De acordo com os dados mais recentes do projeto CARE 2.0, uma rede de apoio a crianças e jovens vítimas de violência sexual da Associação Portuguesa de Apoio à Vítima (APAV), 508 crianças e jovens vítimas tiveram ajuda através desta iniciativa.
A CARE 2.0 foi criada em 2016 e o projeto está previsto terminar em 2022, mas ano a pós ano o número de vítimas apoiadas cresce e depois de ter começado com 195 nesse primeiro ano, cresceu para 251 no ano seguinte e chegou às 304 em 2018.
Em 2019 a APAV ajudou 417 crianças e jovens, número que aumenta novamente em 2020 para 432 e que cresce em 2021 para 508 vítimas apoiadas.
Tudo somado, significa que no conjunto dos seis anos a CARE 2.0 chegou a 2.107 crianças e jovens, tendo também apoiado 206 pessoas que eram familiares ou amigos das vítimas, além de ter realizado um total de 28.247 atendimentos.
De acordo com a coordenadora da rede, os números demonstram “claramente” que “a violência sexual contra crianças e jovens existe e é um fenómeno transversal enquanto sociedade”, mas também que há “sem dúvida nenhuma uma sociedade mais atenta e mais intolerante a estas situações de violência”.
“E também com alguma capacidade adicional, que se calhar não tínhamos há alguns anos, de identificar as diferentes formas que a violência sexual pode assumir e essa maior capacidade de deteção acaba por ajudar a detetar as situações e a desocultar as situações, o que também leva a este maior número de pedidos de ajuda que temos vindo a receber ao longo destes anos”, apontou Carla Ferreira.
Sendo a formação uma das vertentes do programa, a responsável explicou que a mensagem que tentam passar aos adultos é de que perante a mera suspeita de um caso de violência sexual devem agir e pedir ajuda imediatamente, não mantendo a situação em segredo ou tentando fazer a sua própria investigação, uma vez que há entidades competentes para ambas as situações.
Os dados da APAV mostram que 80% das vítimas apoiadas eram do género feminino, viviam sobretudo nas áreas metropolitanas de Lisboa (789) e Porto (576), e tinham idades entre os 08 e os 17 anos (1.387), enquanto o agressor é sobretudo do género masculino (91,6%).

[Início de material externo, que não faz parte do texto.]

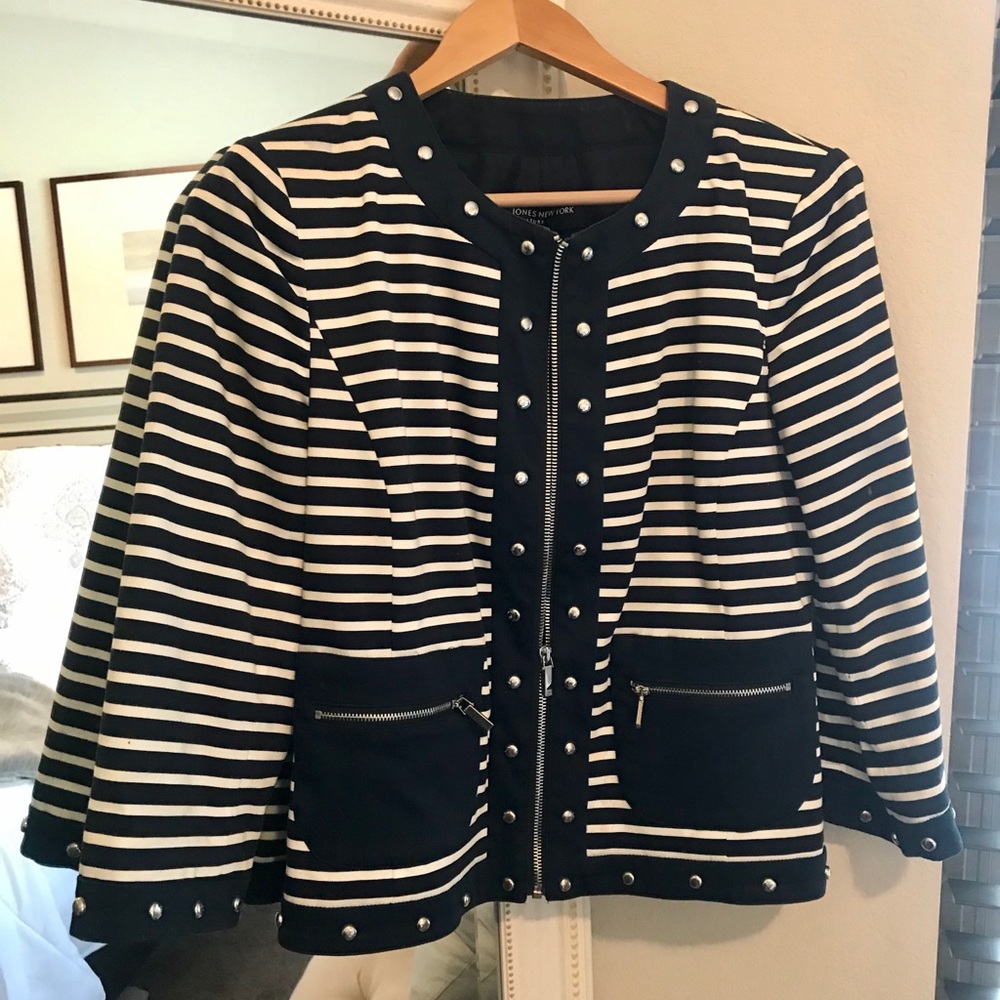 Jones New York quarter sleeve zip jacket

Carla Ferreira apontou que a maioria dos crimes acontece em contexto intrafamiliar (51%), mas destacou que mesmo nos casos que ocorrem fora do seio familiar as situações de violência são praticadas por pessoas que a vítimas conhece, havendo apenas 7,5% de casos em que o agressor é uma pessoa desconhecida da vítima.
Dada a relação de proximidade entre vítima e agressor na maior parte dos casos denunciados, a responsável apontou que a prevenção deste tipo de crime está muito associada ao ter informação, destacando que há muitos casos que acontecem em contexto familiar que se arrastam por vários anos.
“A prevenção vem ajudar a melhor desconstruir estas situações porque é uma transmissão de informação e esta informação é poder para as pessoas. É as pessoas poderem identificar as situações como sendo abusivas e depois poderem ter aqui algumas ferramentas para poderem responder e pedir ajuda”, defendeu, acrescentando que o mesmo se passa com as crianças.
Quase 80% dos casos reportados à APAV foram depois denunciados a uma autoridade policial ou a um tribunal, mas entre as situações que não foram denunciadas há uma percentagem não quantificada de casos em que o agressor é inimputável por causa da idade, ou seja, tem menos de 16 anos.
Carla Ferreira explicou que quando o agressor tem entre 12 e 16 anos, o caso é encaminhado para o Tribunal de Família e Menores que irá aplicar um processo tutelar educativo.
“Abaixo dos 12 anos não há esta resposta judicial e o que se tenta que exista é uma intervenção ao nível das CPCJ [comissões de proteção de crianças e jovens], através de um processo de promoção e proteção, para quem pratica um ato que pode configurar uma situação de violência sexual possa ter alguma intervenção porque claramente essa pessoa também precisa de intervenção para ser reeducada para o direito e para as normas da vida em sociedade”, explicou.
A responsável adiantou que na faixa etária entre os 12 e os 16 anos, os casos denunciados dizem sobretudo respeito a contactos que acontecem online, desde partilha de imagens ou captura indevida de imagens.
Acrescentou que tem havido casos detetados pela rede e salientou que “não é por serem menores que não se pode intervir”, apesar de nestes casos não seguirem os tramites penais, garantindo que a preocupação é de que haja sempre um encaminhamento.
Estes e outros dados são apresentados hoje, no encontro “Seis anos de prevenção e apoio a crianças e jovens vítimas de violência sexual: o Projeto CARE”, na Fundação Calouste Gulbenkian, em Lisboa.